Ever wonder about Mrs. Santa Claus? Ever wonder who keeps Kris Kringle company during the 364 days when he stays at the North Pole?

Jerry Herman, the veteran Broadway composer of "Mame," "Hello, Dolly!" and "La Cage aux Folles," wondered, too, and the result is "Mrs. Santa Claus," a musical production large and expansive enough for big-screen viewing, filled with colorful dance numbers and rich, period settings.

"Mrs. Santa Claus" is the first original musical written for CBS since Rodgers and Hammerstein's "Cinderella" in 1957. The show stars Angela Lansbury in her first television role since "Murder, She Wrote" ended.

As the story, which is set in 1910, opens, Mrs. Claus is not a happy wife. Santa pays her far too little attention, and she feels out of touch with the busy preparations for Christmas. Hoping to participate in a more meaningful way, she takes Santa's sleigh out for a trial of a new, more efficient route for Christmas Eve. But a stray wind brings the sleigh down into New York's Lower East Side, where a landing injury to Cupid, the reindeer, grounds Mrs. Claus for a week in a polyglot, mixed ethnic world of immigrants.

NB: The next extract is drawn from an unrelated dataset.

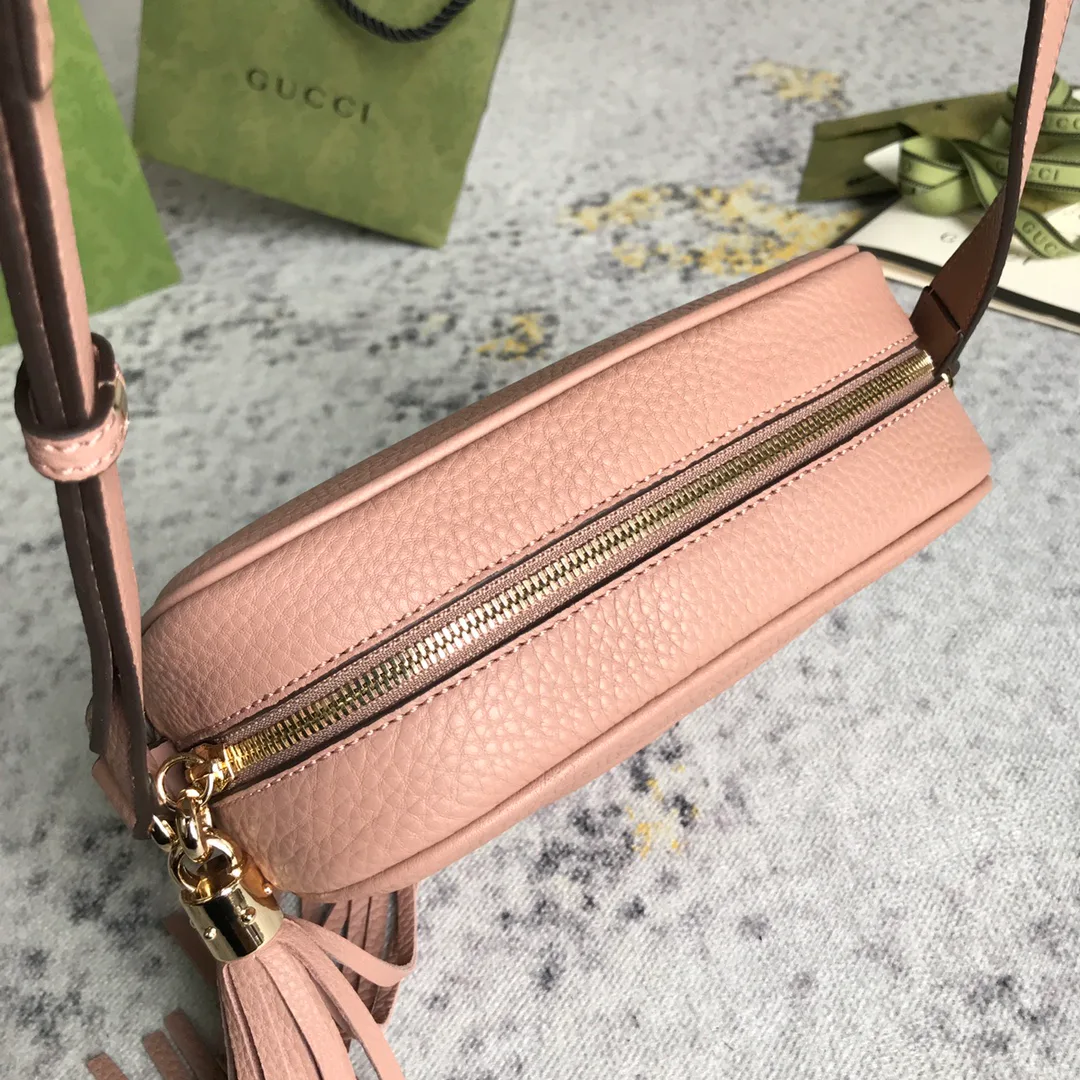 Клатчи Женские Gucci 724039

It's a world that Herman clearly loves, and he explores it in a wide range of numbers. There are small, intimate songs such as "We Don't Go Together at All," a love duet between an Italian boy and a Jewish girl. And there are large production numbers such as "Avenue A," a big, exciting piece that wanders around the Avenue, past pushcarts, peddlers and antique vehicles, with a huge cast of dancers (superbly dressed by Bob Mackie) filling the screen with Don Pippen's vigorous choreography.

Lansbury, looking lovely and singing with charm and musicality, brings Mrs. Claus to life. Terrence Mann is perfect as the heavy, Augustus P. Tavish (up to the point where Mark Saltzman's otherwise serviceable script obliges him to make a too-quick dramatic change). Charles Durning, with little to do, is believable as Santa, but Linsey Bartilson as the young, Irish girl Nora is the show's real find.

Pleasant and endearing as the production may be, it is not exactly first-rate Herman, whose best work balances his tendency toward sentimentality with a real desire for emotional honesty. Here, everything is just a bit too sweet. Memories of "Hello, Dolly!" drift into the musical themes. Some scenes have an ambience recalling "Oliver," and the story tosses in a soupcon of "Abie's Irish Rose" and a bit of "The Grinch Who Stole Christmas."

Still, it's nice to see a new musical, regardless of its flaws, make it to television. "Mrs. Santa Claus" isn't "Miracle on 34th Street," but it just may be around for a long time.

* "Mrs. Santa Claus" airs 8-10 p.m. Sunday on CBS (Channel 2).